▶ _AIM OF THE EXERCISE_
From the records below, please print only the lines from the one containing "Disthène Bleu foncé" through the one containing "Paquet de 50", both included. Skip the pictures.

▶ _RECORD EXCERPTS_
══════

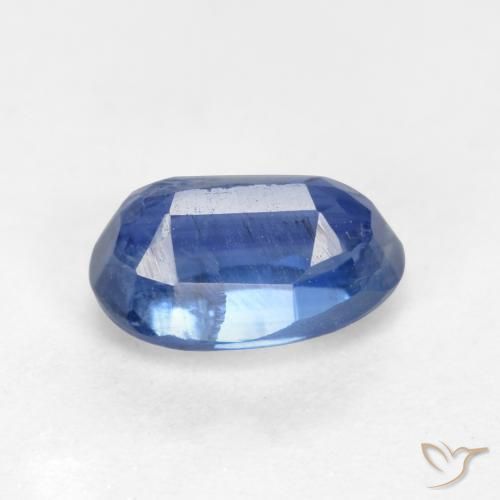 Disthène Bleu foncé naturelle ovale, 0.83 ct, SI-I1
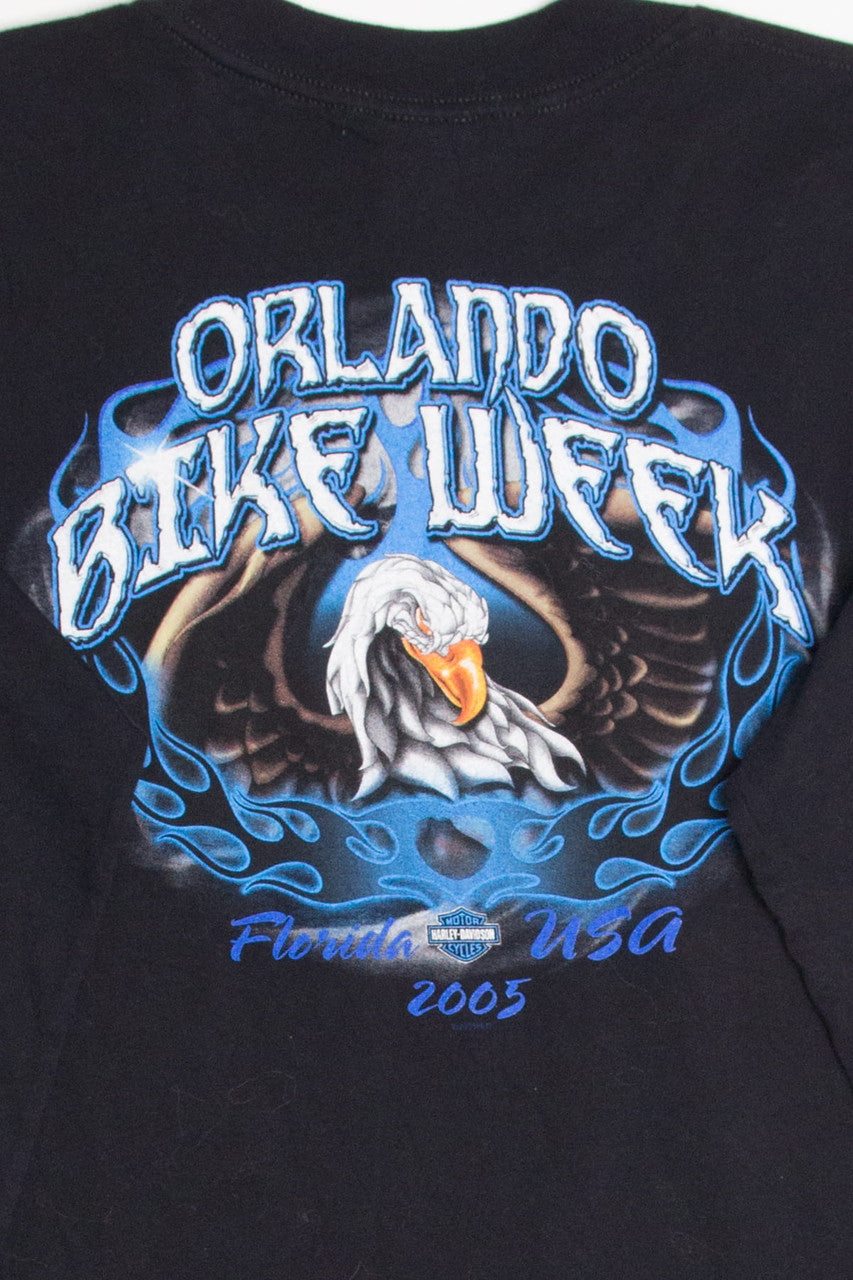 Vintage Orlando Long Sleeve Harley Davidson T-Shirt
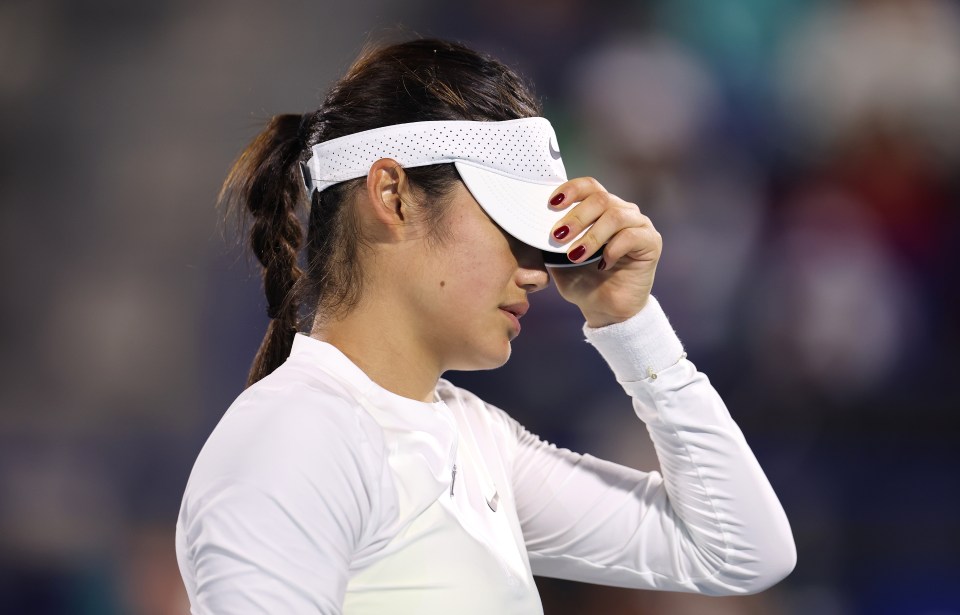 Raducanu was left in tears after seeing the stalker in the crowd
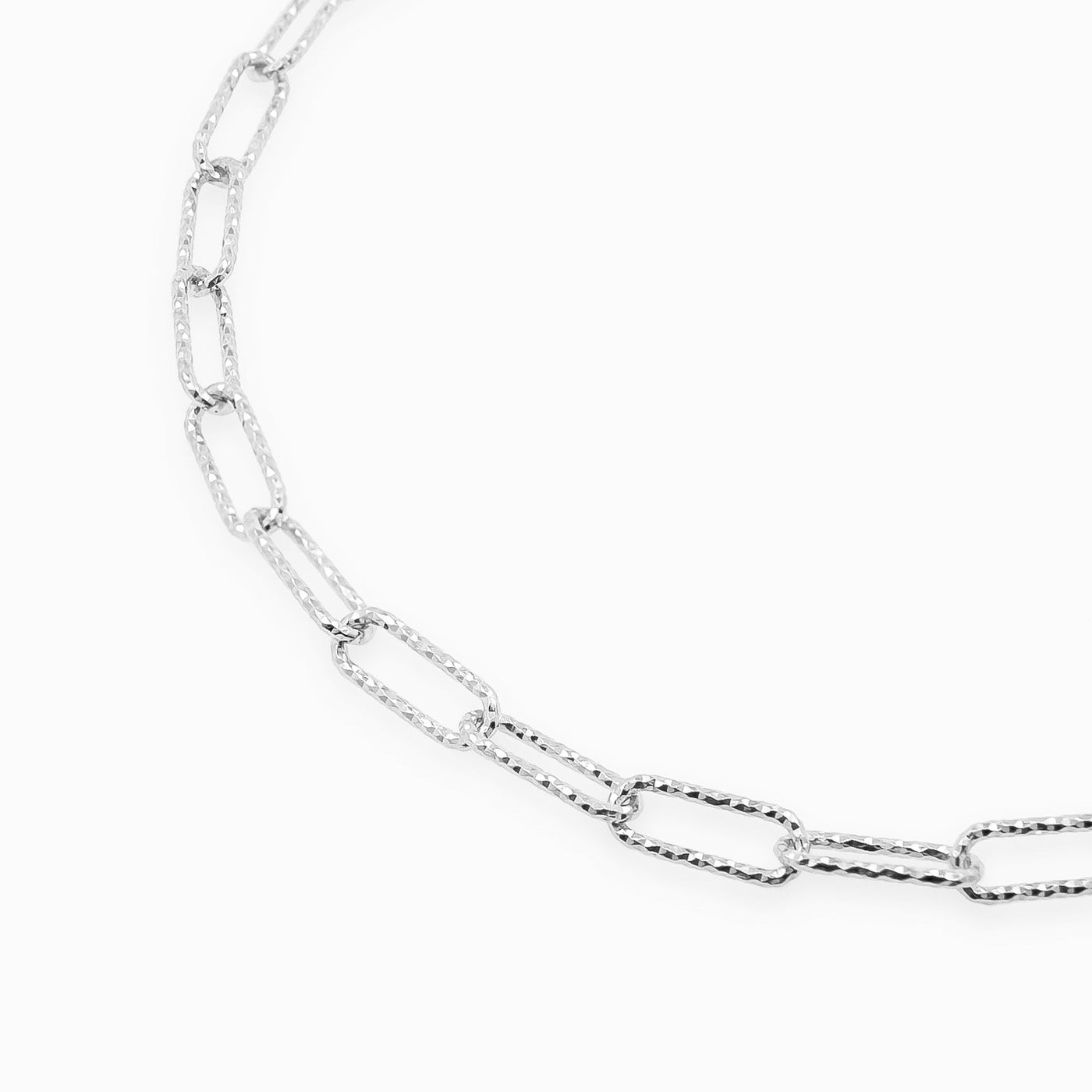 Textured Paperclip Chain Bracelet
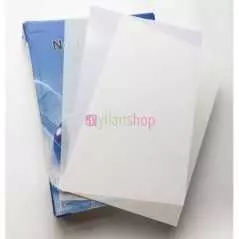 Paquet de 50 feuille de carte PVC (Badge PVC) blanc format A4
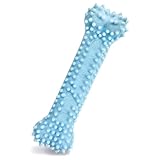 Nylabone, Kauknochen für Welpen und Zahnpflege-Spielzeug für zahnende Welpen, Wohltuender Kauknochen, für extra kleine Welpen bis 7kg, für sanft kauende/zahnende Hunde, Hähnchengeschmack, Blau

══════

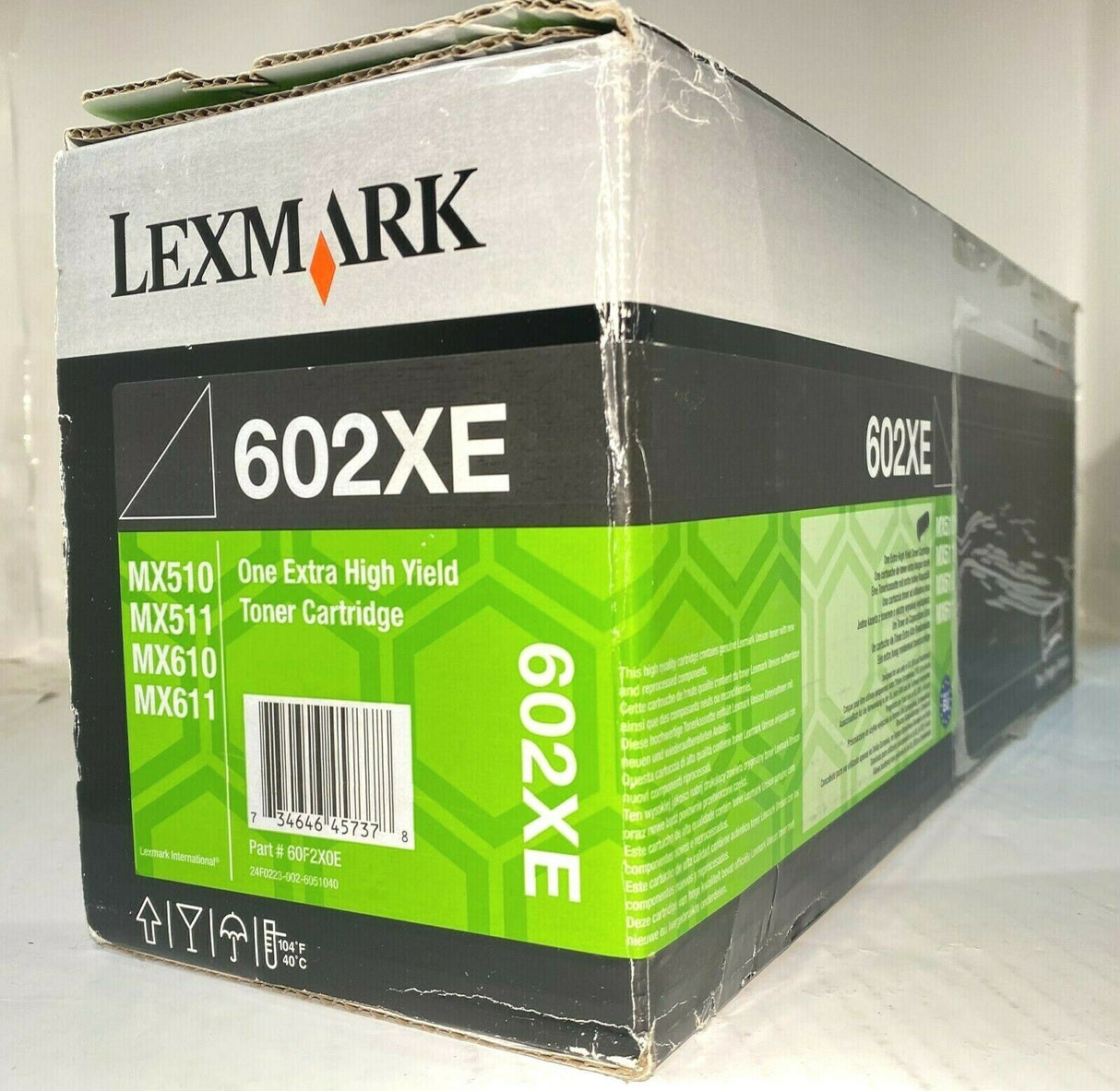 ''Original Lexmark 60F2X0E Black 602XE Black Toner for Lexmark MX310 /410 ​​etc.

══════

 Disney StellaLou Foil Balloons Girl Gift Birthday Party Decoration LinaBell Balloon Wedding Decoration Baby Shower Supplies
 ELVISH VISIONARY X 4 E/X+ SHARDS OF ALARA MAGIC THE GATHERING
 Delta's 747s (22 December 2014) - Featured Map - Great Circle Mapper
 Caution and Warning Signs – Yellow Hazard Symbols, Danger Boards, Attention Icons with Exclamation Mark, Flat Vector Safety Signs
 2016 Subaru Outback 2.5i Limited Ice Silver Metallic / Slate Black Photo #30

══════

▶ _SOLUTION FOR THIS EXERCISE_
 Disthène Bleu foncé naturelle ovale, 0.83 ct, SI-I1
 Vintage Orlando Long Sleeve Harley Davidson T-Shirt
 Raducanu was left in tears after seeing the stalker in the crowd
 Textured Paperclip Chain Bracelet
 Paquet de 50 feuille de carte PVC (Badge PVC) blanc format A4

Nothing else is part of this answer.